DipCo - Dinner Party Corpus, Interspeech 2020

Please use Zenodo Data Backup Link to Download Audio: https://zenodo.org/record/8122551
- Paper: https://www.isca-speech.org/archive/interspeech_2020/segbroeck20_interspeech.html
Author(s):
- Van Segbroeck, Maarten; Zaid, Ahmed; Kutsenko, Ksenia; Huerta, Cirenia; Nguyen, Tinh; Luo, Xuewen; Hoffmeister, Björn; Trmal, Jan; Omologo, Maurizio; Maas, Roland
Contact person(s):
- Maas, Roland; Hoffmeister, Björn
Distributor(s):
- Yang, Huck

Only Download Dipco from Zenodo EU Open Link

wget --limit-rate=5m https://zenodo.org/record/8122551/files/DipCo.tgz?download=1
-czvf DipCo.tgz Dipco/

The ‘DipCo’ data corpus is a new data set that was publicly released by Amazon to help speech scientists address the difficult problem of separating speech signals in reverberant rooms with multiple speakers.

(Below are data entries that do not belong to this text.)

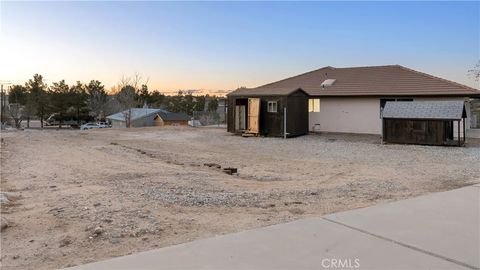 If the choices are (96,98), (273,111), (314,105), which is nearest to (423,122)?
(273,111)

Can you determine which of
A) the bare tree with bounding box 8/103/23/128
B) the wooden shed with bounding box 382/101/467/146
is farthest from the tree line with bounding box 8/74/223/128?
the wooden shed with bounding box 382/101/467/146

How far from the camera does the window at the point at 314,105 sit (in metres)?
25.6

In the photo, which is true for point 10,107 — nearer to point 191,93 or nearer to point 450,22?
point 191,93

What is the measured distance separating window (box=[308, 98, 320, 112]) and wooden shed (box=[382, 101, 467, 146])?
22.8 feet

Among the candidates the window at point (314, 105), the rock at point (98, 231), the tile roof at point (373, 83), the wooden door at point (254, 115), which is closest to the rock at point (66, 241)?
the rock at point (98, 231)

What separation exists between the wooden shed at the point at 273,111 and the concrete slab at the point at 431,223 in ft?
51.8

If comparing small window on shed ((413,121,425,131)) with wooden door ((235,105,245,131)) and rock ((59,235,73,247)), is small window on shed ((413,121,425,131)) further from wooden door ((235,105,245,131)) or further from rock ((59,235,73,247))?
rock ((59,235,73,247))

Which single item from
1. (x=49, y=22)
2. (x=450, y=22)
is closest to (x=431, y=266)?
(x=49, y=22)

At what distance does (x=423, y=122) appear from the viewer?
17719 millimetres

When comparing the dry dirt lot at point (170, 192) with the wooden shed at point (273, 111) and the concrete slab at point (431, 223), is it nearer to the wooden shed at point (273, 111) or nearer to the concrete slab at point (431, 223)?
the concrete slab at point (431, 223)

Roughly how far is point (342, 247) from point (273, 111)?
1865 cm

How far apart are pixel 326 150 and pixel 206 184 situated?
889 cm

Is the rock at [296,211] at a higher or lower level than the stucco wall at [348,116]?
lower

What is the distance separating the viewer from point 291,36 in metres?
25.2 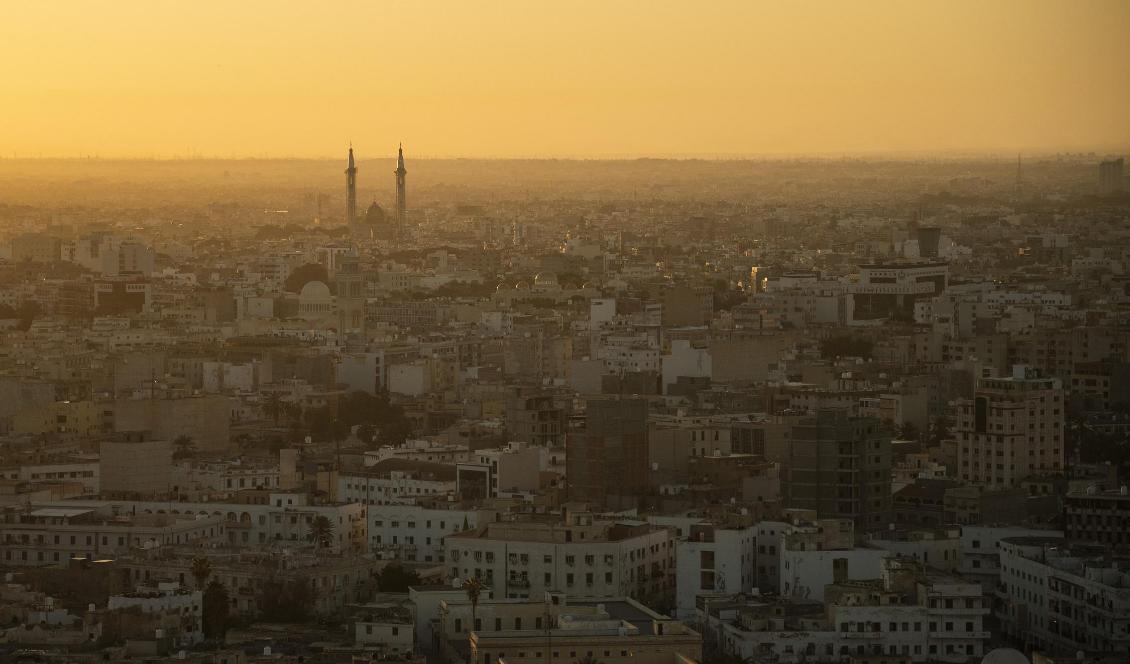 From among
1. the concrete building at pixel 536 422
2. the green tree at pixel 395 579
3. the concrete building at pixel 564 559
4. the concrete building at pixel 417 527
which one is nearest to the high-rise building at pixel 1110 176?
the concrete building at pixel 536 422

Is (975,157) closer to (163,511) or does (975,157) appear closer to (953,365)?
(953,365)

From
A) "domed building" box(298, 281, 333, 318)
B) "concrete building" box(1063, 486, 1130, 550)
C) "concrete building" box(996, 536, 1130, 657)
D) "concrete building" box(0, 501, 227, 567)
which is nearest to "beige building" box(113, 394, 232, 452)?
"concrete building" box(0, 501, 227, 567)

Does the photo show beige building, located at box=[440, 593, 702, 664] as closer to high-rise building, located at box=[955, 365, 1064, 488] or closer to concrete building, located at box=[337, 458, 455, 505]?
concrete building, located at box=[337, 458, 455, 505]

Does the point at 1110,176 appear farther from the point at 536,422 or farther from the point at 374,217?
the point at 374,217

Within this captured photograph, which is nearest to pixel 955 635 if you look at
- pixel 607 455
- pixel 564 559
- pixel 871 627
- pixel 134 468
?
pixel 871 627

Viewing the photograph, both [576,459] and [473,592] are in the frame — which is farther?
[576,459]
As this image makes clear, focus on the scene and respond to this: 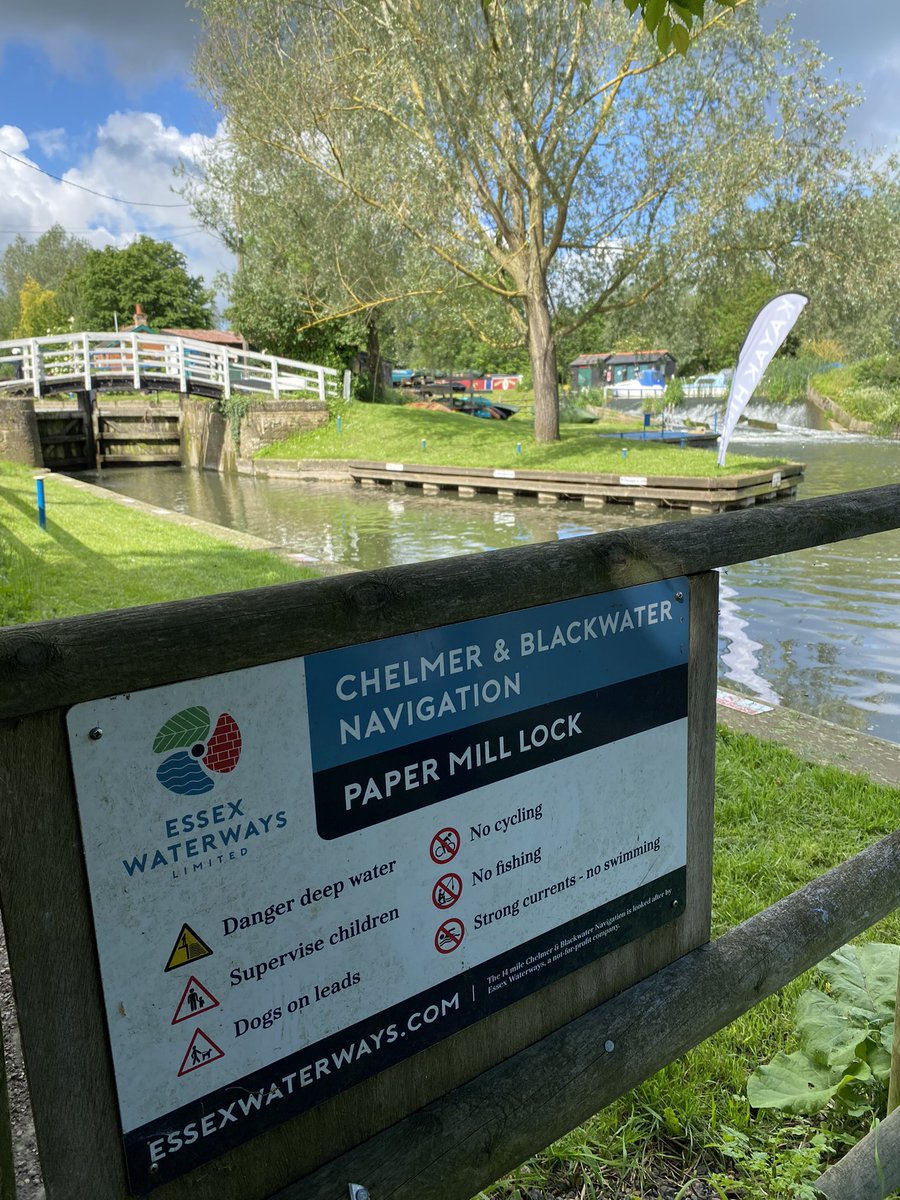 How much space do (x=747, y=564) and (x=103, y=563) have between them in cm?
835

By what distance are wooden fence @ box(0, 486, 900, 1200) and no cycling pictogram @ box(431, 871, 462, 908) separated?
0.23 metres

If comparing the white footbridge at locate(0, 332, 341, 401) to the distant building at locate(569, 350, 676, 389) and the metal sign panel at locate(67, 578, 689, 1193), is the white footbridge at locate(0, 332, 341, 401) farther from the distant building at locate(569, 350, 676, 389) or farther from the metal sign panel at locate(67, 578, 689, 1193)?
the distant building at locate(569, 350, 676, 389)

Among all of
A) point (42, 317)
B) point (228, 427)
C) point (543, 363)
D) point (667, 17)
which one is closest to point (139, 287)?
point (42, 317)

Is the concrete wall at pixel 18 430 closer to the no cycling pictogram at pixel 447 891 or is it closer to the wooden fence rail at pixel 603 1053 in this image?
the wooden fence rail at pixel 603 1053

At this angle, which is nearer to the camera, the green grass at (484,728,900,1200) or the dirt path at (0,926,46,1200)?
the dirt path at (0,926,46,1200)

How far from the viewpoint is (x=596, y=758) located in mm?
1598

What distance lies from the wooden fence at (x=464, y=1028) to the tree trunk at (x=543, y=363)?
20.7 m

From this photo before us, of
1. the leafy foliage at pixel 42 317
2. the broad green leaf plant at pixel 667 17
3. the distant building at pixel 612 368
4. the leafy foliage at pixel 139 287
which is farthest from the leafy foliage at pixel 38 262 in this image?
the broad green leaf plant at pixel 667 17

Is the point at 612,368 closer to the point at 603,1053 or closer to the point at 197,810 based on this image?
the point at 603,1053

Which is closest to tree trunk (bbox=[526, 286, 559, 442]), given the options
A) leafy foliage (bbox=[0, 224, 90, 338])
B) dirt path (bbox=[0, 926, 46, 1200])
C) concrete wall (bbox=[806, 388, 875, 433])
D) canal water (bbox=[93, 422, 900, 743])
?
canal water (bbox=[93, 422, 900, 743])

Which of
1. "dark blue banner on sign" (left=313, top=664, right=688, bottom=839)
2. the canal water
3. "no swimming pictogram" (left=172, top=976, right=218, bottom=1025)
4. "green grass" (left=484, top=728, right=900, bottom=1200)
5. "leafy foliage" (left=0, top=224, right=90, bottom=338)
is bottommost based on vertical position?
the canal water

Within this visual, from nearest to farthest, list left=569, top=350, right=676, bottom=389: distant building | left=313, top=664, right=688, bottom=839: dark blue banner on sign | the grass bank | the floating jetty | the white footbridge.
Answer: left=313, top=664, right=688, bottom=839: dark blue banner on sign < the floating jetty < the white footbridge < the grass bank < left=569, top=350, right=676, bottom=389: distant building

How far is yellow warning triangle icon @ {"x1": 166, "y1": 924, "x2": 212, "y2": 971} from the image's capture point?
1.16 metres

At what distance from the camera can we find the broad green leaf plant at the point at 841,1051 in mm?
2156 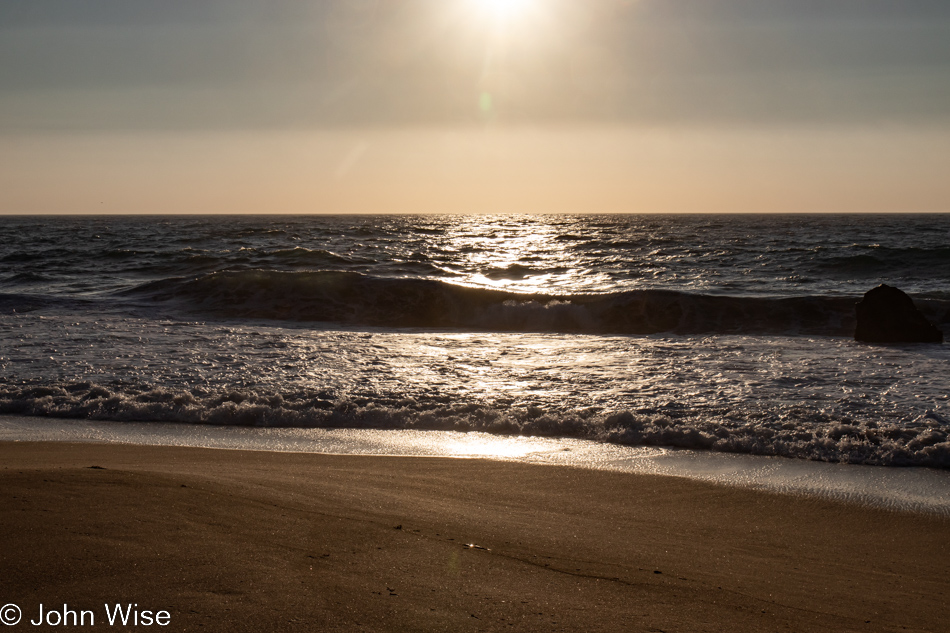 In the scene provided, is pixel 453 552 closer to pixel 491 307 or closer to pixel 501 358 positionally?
pixel 501 358

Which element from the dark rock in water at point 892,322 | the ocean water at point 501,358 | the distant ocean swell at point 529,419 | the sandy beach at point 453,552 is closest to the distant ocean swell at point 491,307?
the ocean water at point 501,358

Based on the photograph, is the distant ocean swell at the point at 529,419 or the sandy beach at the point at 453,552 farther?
the distant ocean swell at the point at 529,419

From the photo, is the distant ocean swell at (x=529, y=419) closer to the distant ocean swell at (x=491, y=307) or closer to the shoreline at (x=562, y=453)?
the shoreline at (x=562, y=453)

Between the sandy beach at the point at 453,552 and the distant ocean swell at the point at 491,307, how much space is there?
1024cm

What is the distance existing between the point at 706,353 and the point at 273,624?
9.24 meters

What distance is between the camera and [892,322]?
1168 cm

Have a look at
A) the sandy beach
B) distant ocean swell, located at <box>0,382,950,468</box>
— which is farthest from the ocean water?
the sandy beach

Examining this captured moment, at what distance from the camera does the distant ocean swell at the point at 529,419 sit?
19.6 ft

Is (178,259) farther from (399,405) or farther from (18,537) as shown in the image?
(18,537)

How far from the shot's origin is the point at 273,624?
2.55m

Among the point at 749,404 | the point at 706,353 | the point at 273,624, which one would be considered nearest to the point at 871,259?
the point at 706,353

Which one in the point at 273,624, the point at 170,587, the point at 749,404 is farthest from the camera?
the point at 749,404

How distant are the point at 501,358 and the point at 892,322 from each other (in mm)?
6900

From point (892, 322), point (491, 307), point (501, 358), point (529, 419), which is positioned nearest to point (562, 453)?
point (529, 419)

The corpus was created with the assistance of Amazon volunteers, who simulated the dinner-party scenario in the lab. We conducted multiple sessions, each involving four participants. At the beginning of each session, participants served themselves food from a buffet table. Most of the session took place at a dining table, and at fixed points in several sessions, we piped music into the room, to reproduce a noise source that will be common in real-world environments.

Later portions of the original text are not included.